Q: What is the purpose of adding and subtracting a constant term in the method of completing the square?
A: The purpose of adding and subtracting a constant term is to create a perfect square trinomial. This allows us to express the equation in the form (x + d)^2 = e, where d and e are constants.
Q: How do I know when to add and subtract a constant term?
A: You know when to add and subtract a constant term when you see a quadratic expression that can be written as a perfect square trinomial. For example, if you have the expression x^2 + 8x + 16, you can add and subtract 16 to create a perfect square trinomial.
Q: What is the difference between the method of completing the square and factoring?
A: The method of completing the square and factoring are two different techniques used to solve quadratic equations. Factoring involves expressing the equation as a product of two binomials, while the method of completing the square involves manipulating the equation to express it in the form (x + d)^2 = e.
Q: When should I use the method of completing the square?
A: You should use the method of completing the square when you have a quadratic equation that cannot be easily factored. This method is particularly useful when the equation has a coefficient of 1 for the x^2 term.
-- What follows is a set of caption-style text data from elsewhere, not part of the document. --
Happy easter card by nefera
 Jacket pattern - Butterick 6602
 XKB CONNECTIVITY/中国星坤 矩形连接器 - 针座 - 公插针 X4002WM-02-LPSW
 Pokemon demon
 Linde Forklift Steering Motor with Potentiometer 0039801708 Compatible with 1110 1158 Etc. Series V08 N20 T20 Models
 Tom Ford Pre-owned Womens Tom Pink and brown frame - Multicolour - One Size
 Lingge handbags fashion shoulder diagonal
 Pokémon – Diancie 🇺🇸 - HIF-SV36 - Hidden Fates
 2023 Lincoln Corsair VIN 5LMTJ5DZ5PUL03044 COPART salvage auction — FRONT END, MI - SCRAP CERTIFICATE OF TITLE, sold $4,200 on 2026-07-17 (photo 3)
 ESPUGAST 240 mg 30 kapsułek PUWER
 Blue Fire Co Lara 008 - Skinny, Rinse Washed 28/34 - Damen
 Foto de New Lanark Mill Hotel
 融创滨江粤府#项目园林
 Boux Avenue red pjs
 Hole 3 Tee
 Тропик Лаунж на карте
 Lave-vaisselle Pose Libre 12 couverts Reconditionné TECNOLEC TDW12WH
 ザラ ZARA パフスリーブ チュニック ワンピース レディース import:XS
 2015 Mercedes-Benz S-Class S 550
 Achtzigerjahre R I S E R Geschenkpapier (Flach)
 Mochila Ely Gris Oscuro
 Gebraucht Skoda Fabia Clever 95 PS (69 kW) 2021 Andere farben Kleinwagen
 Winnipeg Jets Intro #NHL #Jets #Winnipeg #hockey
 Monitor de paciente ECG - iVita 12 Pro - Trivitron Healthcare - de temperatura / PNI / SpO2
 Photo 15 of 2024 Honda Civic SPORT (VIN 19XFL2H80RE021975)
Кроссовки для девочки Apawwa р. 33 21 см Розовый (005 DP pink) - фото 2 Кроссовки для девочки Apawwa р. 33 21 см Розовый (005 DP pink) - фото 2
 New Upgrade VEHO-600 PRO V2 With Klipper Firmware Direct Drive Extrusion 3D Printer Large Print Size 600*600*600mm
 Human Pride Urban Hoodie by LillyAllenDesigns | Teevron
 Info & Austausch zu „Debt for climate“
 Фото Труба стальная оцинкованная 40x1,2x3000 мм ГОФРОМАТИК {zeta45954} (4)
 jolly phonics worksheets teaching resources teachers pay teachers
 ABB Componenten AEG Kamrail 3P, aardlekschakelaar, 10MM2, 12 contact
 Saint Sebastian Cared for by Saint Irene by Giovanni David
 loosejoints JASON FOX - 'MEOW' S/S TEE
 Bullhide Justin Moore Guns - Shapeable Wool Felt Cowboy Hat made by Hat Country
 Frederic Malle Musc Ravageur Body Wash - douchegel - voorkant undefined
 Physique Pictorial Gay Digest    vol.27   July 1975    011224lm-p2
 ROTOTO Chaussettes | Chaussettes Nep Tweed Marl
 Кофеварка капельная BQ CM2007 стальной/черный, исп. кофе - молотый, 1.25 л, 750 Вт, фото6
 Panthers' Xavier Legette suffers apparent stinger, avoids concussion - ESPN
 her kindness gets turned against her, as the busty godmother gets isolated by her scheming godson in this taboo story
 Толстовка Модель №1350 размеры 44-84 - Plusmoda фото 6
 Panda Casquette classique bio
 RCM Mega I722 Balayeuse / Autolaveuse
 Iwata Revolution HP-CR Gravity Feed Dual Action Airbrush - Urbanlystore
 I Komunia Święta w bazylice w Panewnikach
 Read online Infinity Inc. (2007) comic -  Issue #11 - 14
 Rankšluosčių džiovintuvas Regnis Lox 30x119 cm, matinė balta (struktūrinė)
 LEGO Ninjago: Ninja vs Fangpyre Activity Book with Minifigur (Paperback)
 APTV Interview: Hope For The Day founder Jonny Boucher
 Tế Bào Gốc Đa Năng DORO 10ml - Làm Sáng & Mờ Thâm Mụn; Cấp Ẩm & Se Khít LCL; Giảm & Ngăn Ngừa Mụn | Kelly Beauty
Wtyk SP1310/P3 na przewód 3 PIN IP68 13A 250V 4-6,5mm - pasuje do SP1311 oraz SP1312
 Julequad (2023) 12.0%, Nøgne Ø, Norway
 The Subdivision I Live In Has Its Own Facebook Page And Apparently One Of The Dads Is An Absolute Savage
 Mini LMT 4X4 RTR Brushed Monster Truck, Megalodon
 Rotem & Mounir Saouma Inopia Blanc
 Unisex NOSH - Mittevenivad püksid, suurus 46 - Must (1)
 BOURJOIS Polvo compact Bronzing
Q: Can I use the method of completing the square to solve quadratic equations with complex coefficients?
A: Yes, you can use the method of completing the square to solve quadratic equations with complex coefficients. However, you will need to use complex numbers and complex arithmetic to solve the equation.
Q: How do I check my solution to a quadratic equation using the method of completing the square?
A: To check your solution, you can plug the value of x back into the original equation and simplify. If the equation is true, then your solution is correct.
Conclusion
In this article, we have answered some of the most frequently asked questions about solving quadratic equations using the method of completing the square. We have covered topics such as the steps involved in solving a quadratic equation, the purpose of adding and subtracting a constant term, and when to use the method of completing the square. We hope that this article has been helpful in clarifying any confusion you may have had about this topic.